Critique : Le Grand cahier

Maryne Baillon | 19 mars 2014
Maryne Baillon | 19 mars 2014
Bien avant de réaliser Les garçons Witman qui racontait déjà l'histoire de deux frères livrés à eux-mêmes, le hongrois János Szász tentait d'obtenir les droits du best-seller d'Agota Kristof. Vingt ans plus tard, il réalise enfin Le grand cahier, premier tome de « La trilogie des Jumeaux » dans un rapport de proximité avec l'auteur qui lui permet d'apporter à cette oeuvre une belle authenticité en usant d'une mise en scène rigoureuse et inventive et d'une direction d'acteurs irréprochable.

Pour révéler la noirceur de cette histoire, il fallait trouver les jumeaux capables d'incarner des monstres solitaires abîmés et durcit par la guerre. Ces deux perles, János Szász les a trouvé dans un village d'une région très pauvre de la Hongrie, rompus très jeunes à une vie difficile et un travail de dur labeur. Les deux acteurs en témoignent à travers un regard naturellement sombre et impassible, qui révèle une forme d'intrépidité instinctive. Il fallait autant d'aisance pour porter à bout de bras cette sombre histoire. Réfugiés chez leur grand-mère, cruelle et avare, pendant que la guerre gronde, les enfants vont devoir apprendre à vivre loin de leur confort d'autrefois pour embrasser les soupes douteuses et les nuits sur des paillasses infâmes. À mesure que cette nouvelle vie piétine leur innocence, ils vont enfermer leurs sentiments dans une forteresse intérieur, rejeter toute morale et toute valeur pour accepter de nouvelles priorités : survivre au froid, la faim et aux cruautés quotidiennes.

Le grand cahier impressionne par la justesse de son propos et par une solide maîtrise technique. Le langage filmique définit par János Szász est à l'image de l'atrocité émergente des jumeaux : sobre, inventive et d'une absolue noirceur. Cette évolution permanente des personnages est racontée intelligemment à travers les pages d'un cahier usé par le temps dans lequel les garçons écrivent quotidiennement leurs aventures, seul témoin de ce que la guerre a détruit chez eux. Au fur et à mesure les mots se font rares et en disent moins que les scarabées écrasés sur les feuilles du carnet.

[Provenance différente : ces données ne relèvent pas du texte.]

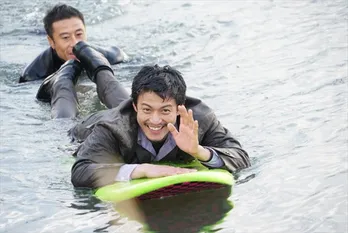 小栗旬“スーツ姿でサーフィン!?”オフショットにファン感激!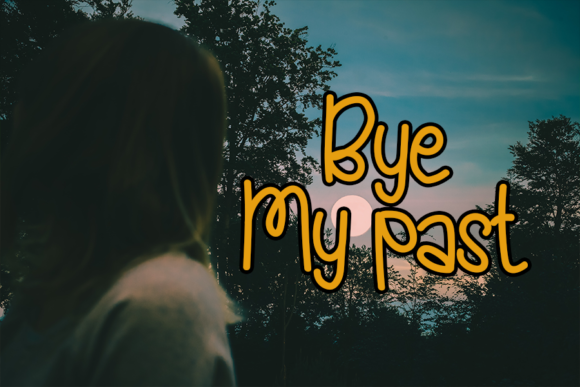 Full Moon Font - Preview 4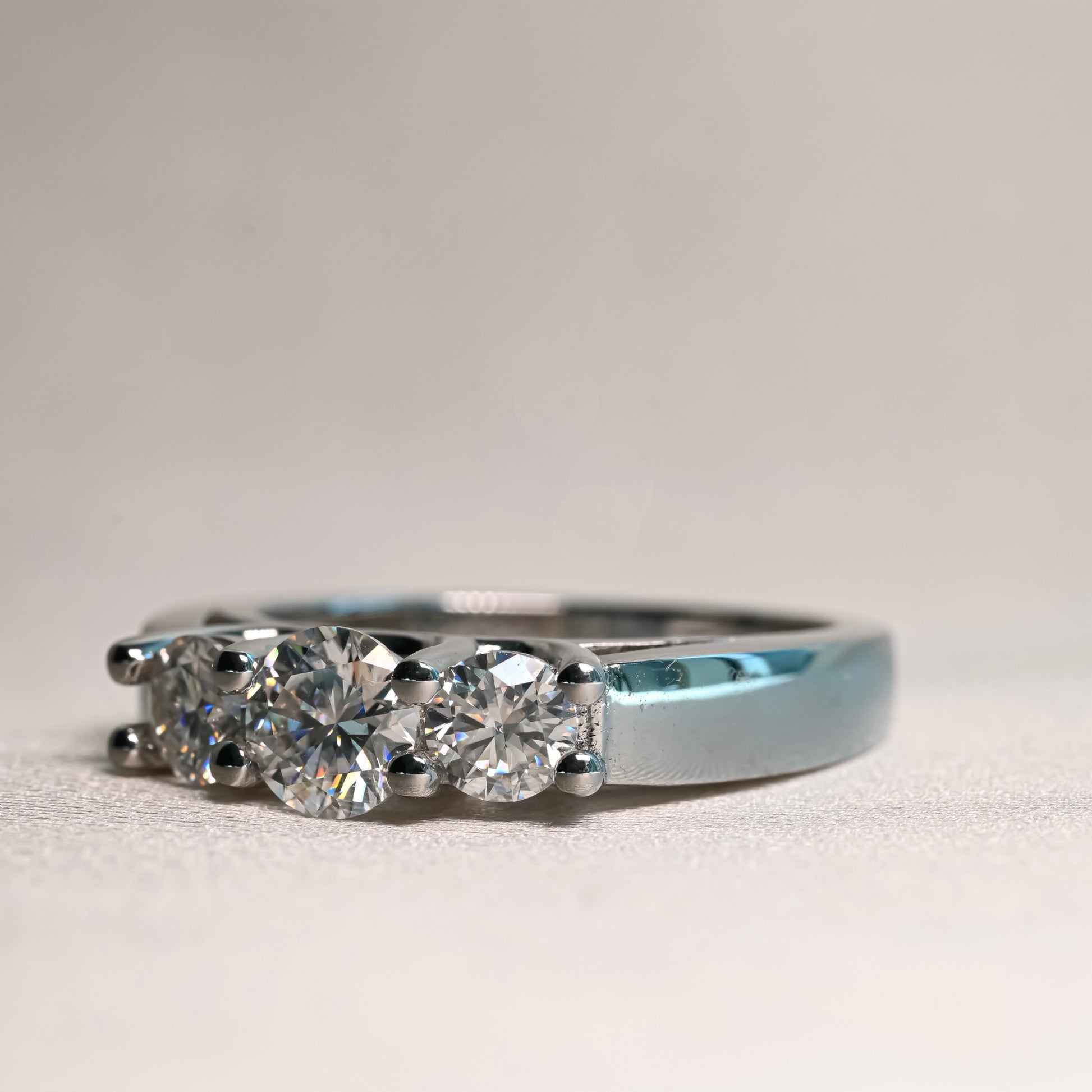 ANAM Moissanite Ring 0.5ct + 0.25ct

Cette subtilité dans la mise en scène manifeste l'envie chez le réalisateur de communiquer par l'image plutôt que par les dialogues, pour déjouer la brutalité et la douleur de certaines scènes sans pour autant la cacher.

En bref : Un récit riche et intelligent qui fait apparaître ce qu'est la guerre, ce qu'elle détruit et son influence sur l'homme, capable en ces temps sombres de notre histoire de se débarrasser de toute trace d'humanité.